The extent of adsorption of a gas on a solid adsorbent is affected by the following factors:
1. Nature of the gas
Since physical adsorption is non-specific in nature, every gas will get adsorbed on the surface of any solid to a lesser or greater extent. However, under given conditions of temperature and pressure, the easily liquefiable gases like NH3, HCl, CO2 etc. are adsorbed in a greater extent than the permanent gases such as H2, O2, N2 etc. it is because the van der Waal forces or molecular forces are more predominant in the former than in later category.
The ease with which a gas can be liquefied is mainly determined by its critical temperature Tc, Critical temperature of a gas is the temperature above which the gas cannot be liquefied irrespective of the pressure applied. A gas having higher critical temperature can be liquefied more easily and hence is adsorbed on the solid to greater and extent of adsorption for some gases.
We know that chemisorption is specific in nature. Therefore, in case of chemisorption a gas gets adsorbed on the solid only if it forms chemical bond with it.
2. Effect of nature of the adsorbent
The extent of adsorption of a gas also depends on the nature of adsorbent. Activated charcoal more easily adsorbs toxic gases like CH4, CO, etc. allows its frequent use in gas masks. Finely divided transition metals like Ni, CO, etc. adsorb permanent gases like H2, N2, O2, etc.

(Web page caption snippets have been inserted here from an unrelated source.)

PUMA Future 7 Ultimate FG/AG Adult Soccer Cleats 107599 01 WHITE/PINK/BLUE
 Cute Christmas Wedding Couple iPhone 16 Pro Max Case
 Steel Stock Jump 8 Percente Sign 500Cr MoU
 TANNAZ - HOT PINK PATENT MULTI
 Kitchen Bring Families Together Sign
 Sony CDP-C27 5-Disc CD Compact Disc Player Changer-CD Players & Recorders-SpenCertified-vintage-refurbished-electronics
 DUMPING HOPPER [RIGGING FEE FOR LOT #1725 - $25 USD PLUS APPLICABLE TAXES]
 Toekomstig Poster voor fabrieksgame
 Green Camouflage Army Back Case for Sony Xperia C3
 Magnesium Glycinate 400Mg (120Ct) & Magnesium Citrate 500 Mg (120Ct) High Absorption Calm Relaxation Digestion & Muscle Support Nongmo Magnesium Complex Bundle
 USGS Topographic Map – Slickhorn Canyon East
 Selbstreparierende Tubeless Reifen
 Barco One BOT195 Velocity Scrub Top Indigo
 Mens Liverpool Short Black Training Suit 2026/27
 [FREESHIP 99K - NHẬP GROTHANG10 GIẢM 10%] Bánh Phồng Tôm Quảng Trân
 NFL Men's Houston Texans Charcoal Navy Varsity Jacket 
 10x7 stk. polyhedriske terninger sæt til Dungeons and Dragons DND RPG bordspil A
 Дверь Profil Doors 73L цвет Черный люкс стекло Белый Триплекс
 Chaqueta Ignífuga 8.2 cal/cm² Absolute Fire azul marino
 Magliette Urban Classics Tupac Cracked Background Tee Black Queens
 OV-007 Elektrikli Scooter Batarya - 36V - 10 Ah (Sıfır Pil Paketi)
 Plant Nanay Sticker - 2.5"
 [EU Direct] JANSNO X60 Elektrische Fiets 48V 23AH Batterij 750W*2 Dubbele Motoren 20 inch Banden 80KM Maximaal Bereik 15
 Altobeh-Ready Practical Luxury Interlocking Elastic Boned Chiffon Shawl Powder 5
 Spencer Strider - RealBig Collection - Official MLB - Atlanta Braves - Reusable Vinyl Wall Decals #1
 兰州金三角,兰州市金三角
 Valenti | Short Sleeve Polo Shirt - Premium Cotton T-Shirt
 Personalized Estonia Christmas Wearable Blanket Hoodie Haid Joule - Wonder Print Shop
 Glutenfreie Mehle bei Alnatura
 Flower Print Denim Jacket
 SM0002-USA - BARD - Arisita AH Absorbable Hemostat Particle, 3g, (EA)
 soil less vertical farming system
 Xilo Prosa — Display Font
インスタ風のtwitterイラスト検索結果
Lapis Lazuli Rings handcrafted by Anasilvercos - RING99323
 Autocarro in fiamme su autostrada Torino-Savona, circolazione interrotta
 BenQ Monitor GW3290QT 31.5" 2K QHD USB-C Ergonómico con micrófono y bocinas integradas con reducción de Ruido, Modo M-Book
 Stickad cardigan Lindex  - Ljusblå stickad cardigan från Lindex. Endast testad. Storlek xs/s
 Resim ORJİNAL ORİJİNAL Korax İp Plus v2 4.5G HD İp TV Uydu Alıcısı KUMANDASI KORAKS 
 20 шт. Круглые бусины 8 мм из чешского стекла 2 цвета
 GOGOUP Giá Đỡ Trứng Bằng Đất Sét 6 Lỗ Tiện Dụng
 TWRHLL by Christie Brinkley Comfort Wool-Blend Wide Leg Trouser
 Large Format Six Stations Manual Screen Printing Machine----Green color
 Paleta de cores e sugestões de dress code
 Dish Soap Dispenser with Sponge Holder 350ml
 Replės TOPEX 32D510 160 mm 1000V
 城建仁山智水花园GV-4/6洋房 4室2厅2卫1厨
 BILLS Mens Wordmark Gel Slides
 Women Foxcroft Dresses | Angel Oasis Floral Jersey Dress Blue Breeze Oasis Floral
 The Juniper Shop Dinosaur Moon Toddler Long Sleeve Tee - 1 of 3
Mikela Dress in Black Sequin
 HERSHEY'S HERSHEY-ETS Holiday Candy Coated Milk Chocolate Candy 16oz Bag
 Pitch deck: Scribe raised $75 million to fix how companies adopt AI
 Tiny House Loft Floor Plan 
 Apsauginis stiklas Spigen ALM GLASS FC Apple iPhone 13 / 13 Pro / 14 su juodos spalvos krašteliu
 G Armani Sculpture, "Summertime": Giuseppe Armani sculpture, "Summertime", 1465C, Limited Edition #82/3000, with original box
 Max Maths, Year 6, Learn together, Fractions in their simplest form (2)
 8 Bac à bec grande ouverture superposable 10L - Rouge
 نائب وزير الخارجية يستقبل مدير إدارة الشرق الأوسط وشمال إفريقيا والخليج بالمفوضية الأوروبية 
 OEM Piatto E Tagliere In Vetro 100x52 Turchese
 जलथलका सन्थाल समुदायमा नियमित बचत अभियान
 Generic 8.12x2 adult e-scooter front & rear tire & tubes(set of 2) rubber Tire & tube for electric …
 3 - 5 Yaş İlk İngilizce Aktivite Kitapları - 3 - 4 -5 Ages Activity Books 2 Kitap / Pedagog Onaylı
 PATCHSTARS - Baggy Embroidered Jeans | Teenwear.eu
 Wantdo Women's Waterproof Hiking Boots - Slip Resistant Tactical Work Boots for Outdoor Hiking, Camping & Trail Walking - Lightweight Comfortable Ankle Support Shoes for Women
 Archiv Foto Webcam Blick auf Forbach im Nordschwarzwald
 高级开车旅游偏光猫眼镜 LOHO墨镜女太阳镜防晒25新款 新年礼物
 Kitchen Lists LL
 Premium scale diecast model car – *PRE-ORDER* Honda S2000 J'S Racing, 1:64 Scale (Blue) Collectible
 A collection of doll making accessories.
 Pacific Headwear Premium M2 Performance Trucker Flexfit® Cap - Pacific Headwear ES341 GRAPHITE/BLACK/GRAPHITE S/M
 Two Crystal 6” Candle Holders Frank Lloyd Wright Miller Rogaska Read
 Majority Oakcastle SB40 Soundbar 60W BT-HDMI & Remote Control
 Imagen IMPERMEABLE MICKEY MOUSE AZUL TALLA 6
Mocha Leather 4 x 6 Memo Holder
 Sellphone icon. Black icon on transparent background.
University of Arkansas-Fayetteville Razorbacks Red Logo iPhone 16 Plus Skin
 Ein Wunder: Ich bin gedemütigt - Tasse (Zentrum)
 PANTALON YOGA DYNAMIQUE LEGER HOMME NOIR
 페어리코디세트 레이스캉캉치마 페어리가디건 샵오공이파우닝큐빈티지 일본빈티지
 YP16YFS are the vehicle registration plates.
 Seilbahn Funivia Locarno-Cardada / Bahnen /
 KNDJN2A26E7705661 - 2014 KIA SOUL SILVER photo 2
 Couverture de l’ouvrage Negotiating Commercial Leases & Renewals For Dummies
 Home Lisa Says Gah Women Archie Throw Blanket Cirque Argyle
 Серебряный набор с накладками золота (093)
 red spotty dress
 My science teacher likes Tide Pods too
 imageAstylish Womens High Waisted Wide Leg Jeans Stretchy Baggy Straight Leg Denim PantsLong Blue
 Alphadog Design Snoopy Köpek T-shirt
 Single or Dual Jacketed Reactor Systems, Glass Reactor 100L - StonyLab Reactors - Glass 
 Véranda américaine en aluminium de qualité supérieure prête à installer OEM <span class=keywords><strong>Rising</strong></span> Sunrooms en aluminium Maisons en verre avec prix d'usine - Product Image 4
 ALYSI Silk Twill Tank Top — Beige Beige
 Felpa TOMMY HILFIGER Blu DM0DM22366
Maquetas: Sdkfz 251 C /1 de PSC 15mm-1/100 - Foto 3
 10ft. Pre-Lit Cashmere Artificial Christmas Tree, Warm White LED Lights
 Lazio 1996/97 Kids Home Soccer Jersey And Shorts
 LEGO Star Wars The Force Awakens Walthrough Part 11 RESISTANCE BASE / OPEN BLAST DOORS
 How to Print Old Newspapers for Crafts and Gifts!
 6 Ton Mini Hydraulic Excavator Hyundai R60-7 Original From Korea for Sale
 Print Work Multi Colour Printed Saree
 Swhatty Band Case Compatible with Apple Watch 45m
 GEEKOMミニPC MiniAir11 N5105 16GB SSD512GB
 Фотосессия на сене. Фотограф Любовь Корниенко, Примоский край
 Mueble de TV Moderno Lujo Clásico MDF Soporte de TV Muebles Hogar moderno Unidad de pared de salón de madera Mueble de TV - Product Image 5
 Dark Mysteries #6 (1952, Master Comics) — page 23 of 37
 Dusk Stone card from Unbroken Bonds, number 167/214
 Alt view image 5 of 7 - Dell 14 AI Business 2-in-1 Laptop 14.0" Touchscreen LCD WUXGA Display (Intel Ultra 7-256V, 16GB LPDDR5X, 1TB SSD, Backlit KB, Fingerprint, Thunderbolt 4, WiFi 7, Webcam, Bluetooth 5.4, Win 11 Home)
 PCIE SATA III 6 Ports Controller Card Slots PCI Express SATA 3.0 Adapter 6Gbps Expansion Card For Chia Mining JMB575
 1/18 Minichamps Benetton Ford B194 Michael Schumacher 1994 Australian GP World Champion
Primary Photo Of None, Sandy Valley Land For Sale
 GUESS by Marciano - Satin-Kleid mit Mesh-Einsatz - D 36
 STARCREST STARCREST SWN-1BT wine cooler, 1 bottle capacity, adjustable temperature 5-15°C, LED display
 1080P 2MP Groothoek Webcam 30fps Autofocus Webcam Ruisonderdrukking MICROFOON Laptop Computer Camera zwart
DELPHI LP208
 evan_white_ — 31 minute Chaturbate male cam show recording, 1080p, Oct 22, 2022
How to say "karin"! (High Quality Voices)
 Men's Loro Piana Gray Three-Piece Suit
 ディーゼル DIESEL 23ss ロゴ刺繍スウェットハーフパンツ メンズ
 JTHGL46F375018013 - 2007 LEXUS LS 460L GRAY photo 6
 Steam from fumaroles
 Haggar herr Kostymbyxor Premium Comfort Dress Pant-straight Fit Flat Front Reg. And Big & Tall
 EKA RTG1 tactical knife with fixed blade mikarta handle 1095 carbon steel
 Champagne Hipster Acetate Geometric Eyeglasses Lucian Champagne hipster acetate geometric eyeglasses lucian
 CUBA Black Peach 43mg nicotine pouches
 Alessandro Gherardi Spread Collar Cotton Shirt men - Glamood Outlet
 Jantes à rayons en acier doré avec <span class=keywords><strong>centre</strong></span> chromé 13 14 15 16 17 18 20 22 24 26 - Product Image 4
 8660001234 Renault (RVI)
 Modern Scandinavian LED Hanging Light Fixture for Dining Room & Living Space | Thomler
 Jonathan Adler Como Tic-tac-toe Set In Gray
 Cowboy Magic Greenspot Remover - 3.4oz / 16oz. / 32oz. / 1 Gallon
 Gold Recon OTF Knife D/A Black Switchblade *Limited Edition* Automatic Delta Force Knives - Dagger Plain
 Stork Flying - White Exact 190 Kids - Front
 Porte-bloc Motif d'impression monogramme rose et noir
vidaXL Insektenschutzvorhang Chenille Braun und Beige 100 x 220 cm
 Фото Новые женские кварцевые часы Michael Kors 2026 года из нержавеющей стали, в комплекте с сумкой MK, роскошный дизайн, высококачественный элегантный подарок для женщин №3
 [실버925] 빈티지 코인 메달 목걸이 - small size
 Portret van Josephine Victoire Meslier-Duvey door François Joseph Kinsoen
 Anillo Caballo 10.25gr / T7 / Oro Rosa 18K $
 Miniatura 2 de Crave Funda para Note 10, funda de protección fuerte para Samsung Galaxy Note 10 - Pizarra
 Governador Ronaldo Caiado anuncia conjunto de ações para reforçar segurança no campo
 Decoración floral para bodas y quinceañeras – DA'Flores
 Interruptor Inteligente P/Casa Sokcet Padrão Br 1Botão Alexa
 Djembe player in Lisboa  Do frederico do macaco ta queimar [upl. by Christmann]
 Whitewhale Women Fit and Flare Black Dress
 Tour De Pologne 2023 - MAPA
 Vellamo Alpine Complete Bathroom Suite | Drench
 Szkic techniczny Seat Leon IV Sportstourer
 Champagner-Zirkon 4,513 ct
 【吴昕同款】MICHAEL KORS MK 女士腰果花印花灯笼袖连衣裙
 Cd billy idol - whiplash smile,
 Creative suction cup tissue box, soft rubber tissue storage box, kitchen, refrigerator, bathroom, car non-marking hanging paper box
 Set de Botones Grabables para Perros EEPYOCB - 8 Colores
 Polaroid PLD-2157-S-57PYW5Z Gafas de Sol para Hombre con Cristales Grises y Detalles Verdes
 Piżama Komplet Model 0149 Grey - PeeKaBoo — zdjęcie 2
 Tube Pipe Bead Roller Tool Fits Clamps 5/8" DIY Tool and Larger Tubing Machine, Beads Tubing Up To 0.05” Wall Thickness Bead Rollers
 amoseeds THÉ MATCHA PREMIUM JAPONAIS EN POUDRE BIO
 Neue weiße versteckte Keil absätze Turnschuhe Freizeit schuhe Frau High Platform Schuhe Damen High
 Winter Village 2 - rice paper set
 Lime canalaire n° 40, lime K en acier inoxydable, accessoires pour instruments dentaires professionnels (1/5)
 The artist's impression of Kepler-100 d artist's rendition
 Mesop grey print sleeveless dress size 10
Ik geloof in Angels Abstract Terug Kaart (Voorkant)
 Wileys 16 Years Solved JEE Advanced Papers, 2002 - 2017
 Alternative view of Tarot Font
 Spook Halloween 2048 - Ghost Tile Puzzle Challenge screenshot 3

3. Specific area of the solid
Specific area of an adsorbing solid is the surface area available for adsorption per gram of the adsorbent. Greater the specific area of the solid, greater would be its adsorbent power. That is why porous or finely divided forms of adsorbents adsorb more extensively. However, the pores should be large enough to allow the gas molecules to allow the gas molecules to enter them.
4. Effect of pressure of the gas
In order to understood the effect of pressure on the adsorption of a gas on some solid, we must keep in mind that adsorption is a reversible process and is accompanied by decrease in pressure. Therefore, it is expected that a given temperature, the extent of the adsorption increases with the increase in pressure. The extent of the adsorption is generally expressed as x/m where m is the mass of the adsorbent and x is that of the adsorbate when equilibrium has been attained. A graph drawn between extent of adsorption (x/m) and the pressure p of the gas at constant temperature is called adsorption isotherm. Adsorption isotherms of different shapes have been observed experimentally. Two most common types of adsorption isotherms are Freundlich adsorption isotherms and Langmuir adsorption isotherm.
5. Effect of temperature
As already discussed the adsorption at a surface initially increases till a saturation point is achieved. At this juncture an equilibrium is established as represented below.
Adsorption 
Desorption; Δ H = +ve
As adsorption is accompanied by evolution of heat, so in accordance with Le-Chatelier's principle, the magnitude of adsorption should decrease with rise in temperature and this is actually so.
A graph drawn between extent of adsorption (x/m) and temperature (t) at constant pressure is called adsorption isobar.
6. Activation of adsorbent
Activation of an adsorbent means increasing the adsorbing power of the adsorbent. This can be done in various different ways. One possible way of doing it is to increase the specific area of the adsorbent. This can be done either by making the surface of adsorbent or by breaking it into small pieces. However, if the particles are made very small, then the interparticle spaces will be too small to allow the penetration of gas molecules and hence, the extent of adsorption may increase by certain specific treatments. For example, wood charcoal can be activated by heating it between 650 K and 1330 K in vacuum, air or super-heated steam.